Five Democrat Senators Are About to Lose Their Jobs — And Their Replacements Are Going to Be Hilarious

The 2026 midterms are shaping up to be an absolute bloodbath for Senate Democrats, and honestly? They deserve every bit of it. Five seats are dangling by a thread right now, and the candidates Democrats have put up to defend them read like a parody of everything wrong with the modern Left.

Grab your popcorn, folks. We’re about to do a guided tour of the Democrat Senate’s five weakest links — and trust us, it’s better than anything on Netflix right now.

**Number One: Roy Cooper, North Carolina**

Remember Roy Cooper? The governor who vetoed *three separate bills* protecting parental rights, children’s safety, and women’s sports — and then watched the North Carolina General Assembly override every single one of them? Yeah, that guy wants to be a senator now.

Cooper’s running against Michael Whatley, the former RNC Chairman, in a state that has a nasty habit of breaking late for Republicans. Cooper’s currently polling ahead, which means absolutely nothing in North Carolina. Ask Cal Cunningham how his polls worked out. (Actually, don’t ask Cal anything — he’s busy.)

The attack ads practically write themselves. “Roy Cooper vetoed protections for your kids — three times. North Carolina overruled him — three times. Now he wants a promotion.” Good luck with that campaign, Roy.

**Number Two: Jon Ossoff, Georgia**

Jon Ossoff snuck into the Senate during the 2020 runoff chaos when Republicans were too busy arguing with each other to show up and vote. He won by a razor-thin margin during the worst possible year for the GOP. That luck is about to run out.

Ossoff voted against the Protection of Women and Girls in Sports Act in 2025. He supported the so-called “Women’s Health Protection Act” — which is Democrat-speak for codifying late-term abortion nationwide. In Georgia. A state where church parking lots are fuller than Costco on a Saturday.

Even a marginal improvement in Republican turnout flips this seat. And with Trump’s base fired up for midterms? Ossoff might want to update his LinkedIn profile.

**Number Three: Abdul El-Sayed, Michigan**

Oh boy. This is the one where you wonder if Democrats are actually *trying* to lose Michigan.

Gary Peters is retiring, and one of the Democrats fighting for his seat is Abdul El-Sayed — a guy who said “we take them to the mud and choke them out,” accused Israel of genocide, and defended terrorists by saying they were acting out of “pain and frustration.”

Pain and frustration! That’s what terrorists feel, apparently. Not, you know, murderous ideological fanaticism. Just “pain and frustration.” Like they stubbed their toe and accidentally built a car bomb.

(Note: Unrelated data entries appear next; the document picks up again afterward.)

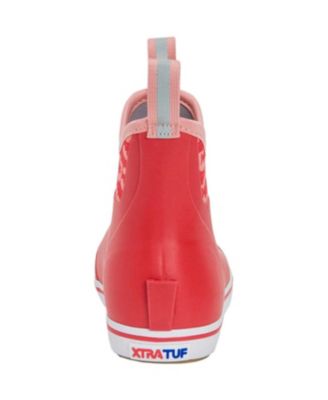 Women's Salmon Sisters 6 in Ankle Deck Boot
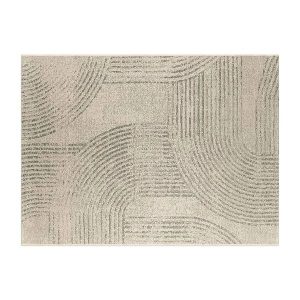 Alfombra Eco-Nature Roat 2.00x2,50 Beige Chumbo 448512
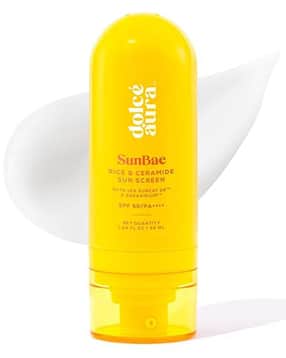 SunBae Rice and Ceramide Sunscreen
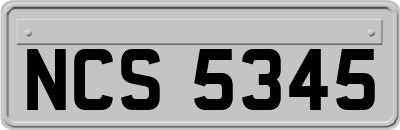 NCS5345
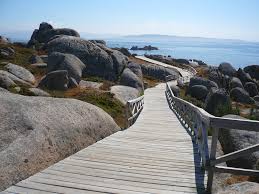 Paseo de San Vicente (O Grove) Paseo de San Vicente (O Grove)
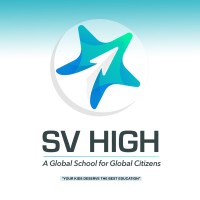 SV High logo - Similar company to Sv High School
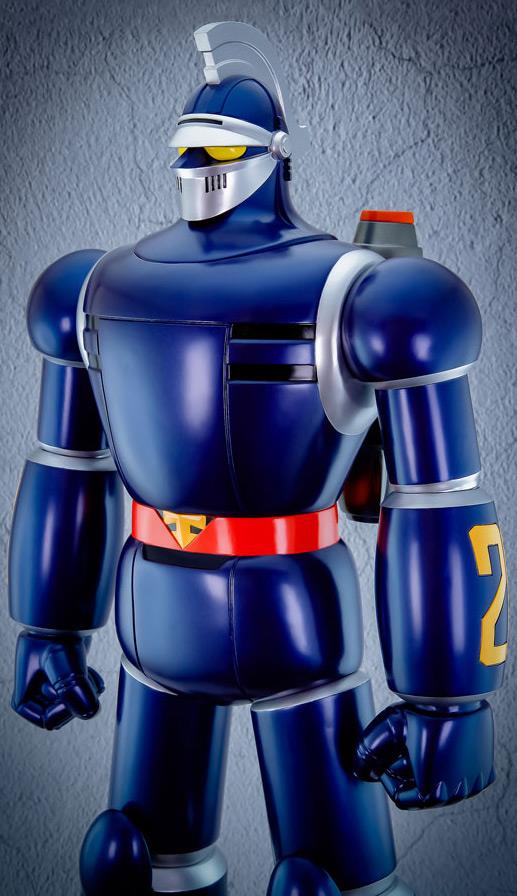 SUPER ROBOT VINYL COLLECTION - TETSUJIN 28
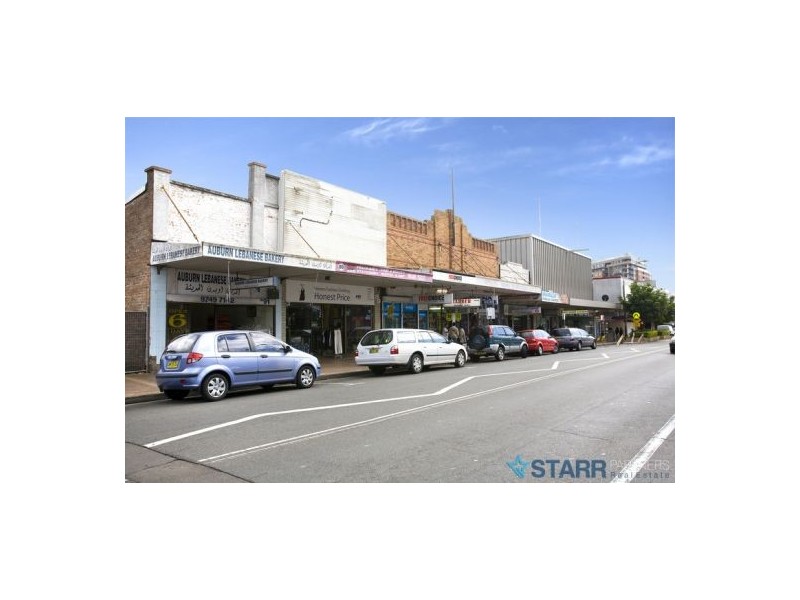 84, 84A & 84B Auburn Road, Auburn NSW 2144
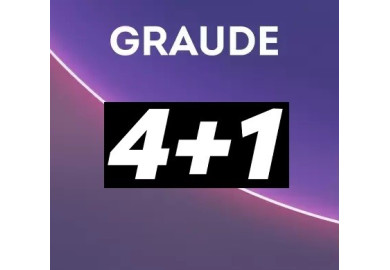 Акция GRAUDE «4+1 винный шкаф в подарок»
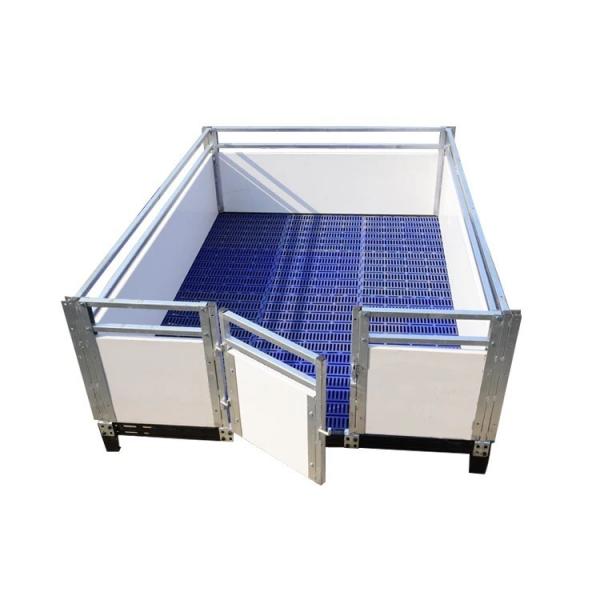 Buy cheap Pig Husbandry Equipment Weaning Nursery Pen For Piglets from wholesalers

El-Sayed is running in a primary against Rep. Haley Stevens and State Senator Mallory McMorrow, but it doesn’t matter which one of them wins — former Rep. Mike Rogers is the Republican favorite, and he’s going to mop the floor with whoever crawls out of that primary. Michigan Democrats managed to find candidates who make the state’s potholes look appealing by comparison.

**Number Four: James Talarico, Texas**

This one is genuinely special. James Talarico — who somehow defeated U.S. Rep. Jasmine Crockett in the primary — has said, and we quote: “God is non-binary.”

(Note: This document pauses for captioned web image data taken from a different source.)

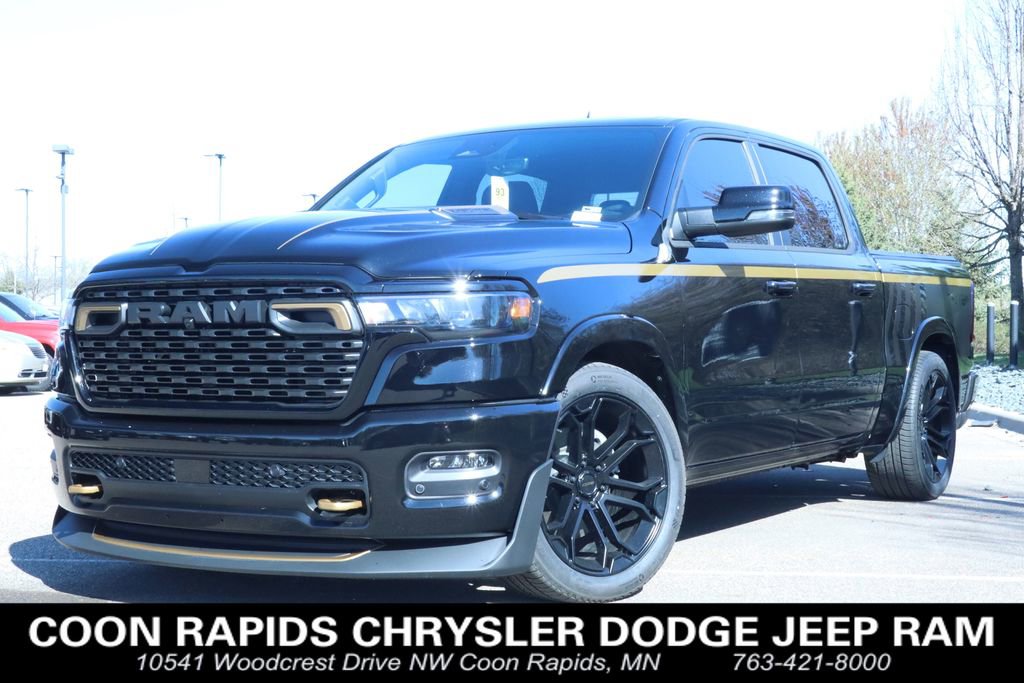 Thumbnail: 2026 RAM 1500 - 1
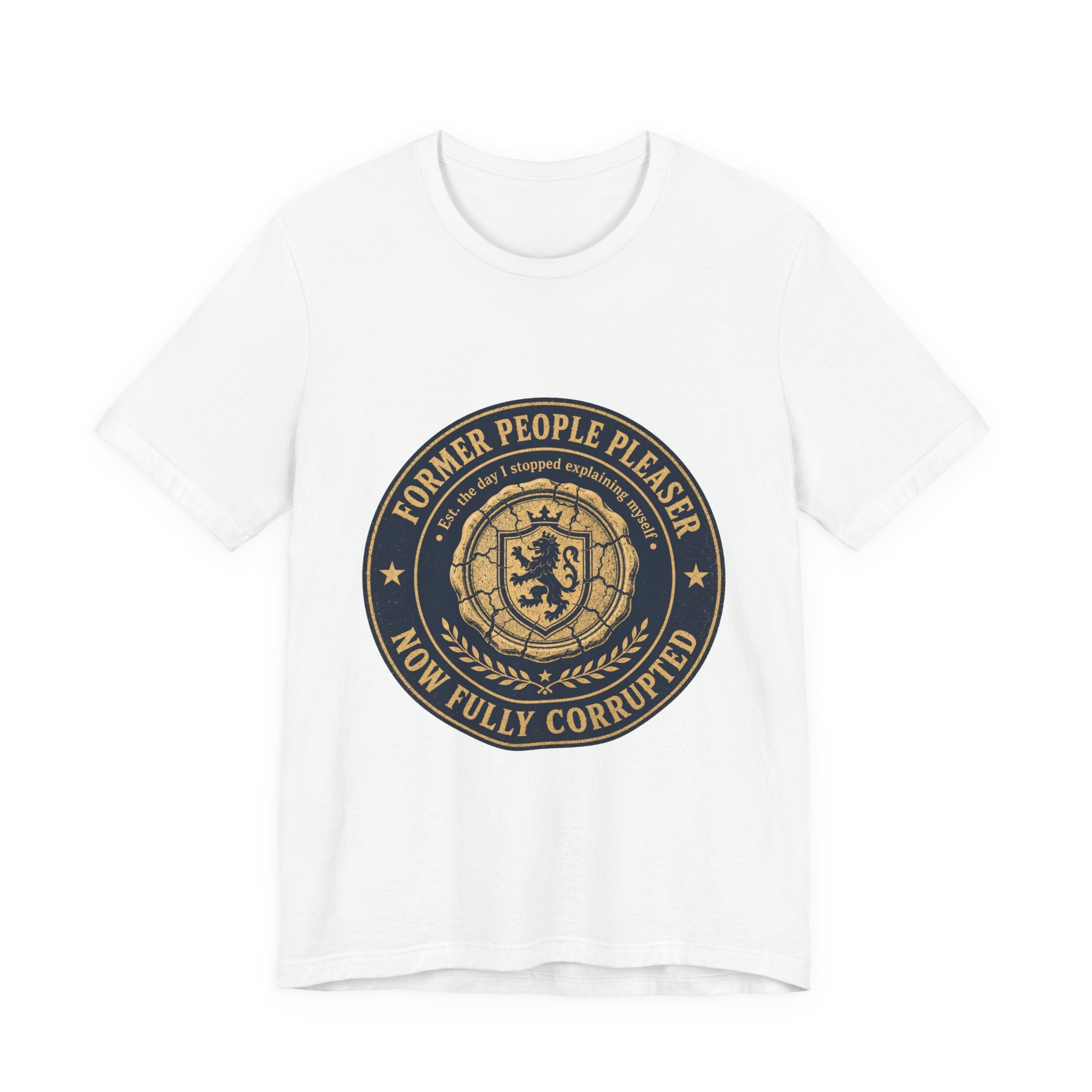 Former People Pleaser Tee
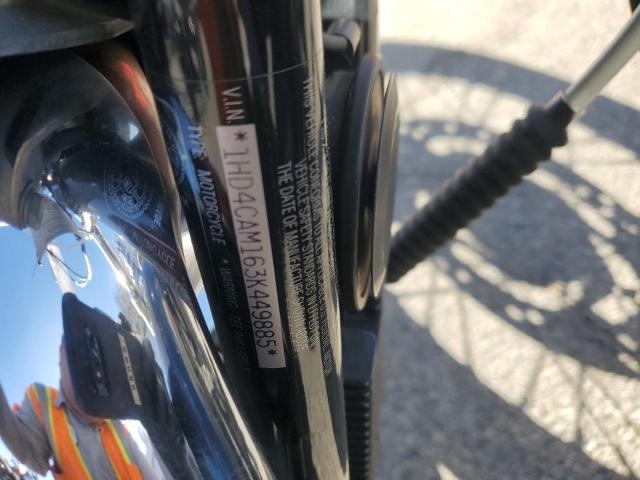 2003 HARLEY-DAVIDSON SPORT 883 1HD4CAM163K449885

He also called Jesus a “radical feminist.” He introduced a bill to repeal Texas’s abortion protections. He wants to eliminate ICE. And he supports men competing in women’s sports.

In *Texas*.

We’ll just let that marinate for a second. A guy who thinks God doesn’t have a gender and Jesus was a feminist is running for Senate in the state that invented the phrase “Don’t Mess With Texas.” The Republican primary between John Cornyn’s wing and Ken Paxton’s wing could feature a cage match with folding chairs and it still wouldn’t matter — either one of them beats Talarico by double digits in the general. This seat isn’t competitive. It’s comedy.

**Number Five: Mary Peltola, Alaska**

Mary Peltola pulled off one of the sneakiest wins in modern politics when she won Alaska’s 2022 special election under that ridiculous ranked-choice voting system. Here’s what actually happened: Nick Begich III — the guy who polls showed would beat Peltola head-to-head — got eliminated first because of how ranked-choice splits the vote. Peltola basically won on a technicality while voters were still trying to figure out how to fill in the ballot.

That confusion worked once. It’s not going to work again. Begich already beat her in the 2024 general election, proving that when Alaskans actually understand what they’re voting on, Peltola loses. She’s trying to pull the same rabbit out of the hat a third time, and the audience already knows the trick.

**The Bottom Line**

Five seats. Five candidates who are either too radical, too sneaky, or too out of touch with their own states to survive a midterm electorate that’s already fired up. Democrats aren’t defending a Senate map — they’re defending a house of cards in a windstorm.

We don’t need all five. But wouldn’t it be fun to take them all?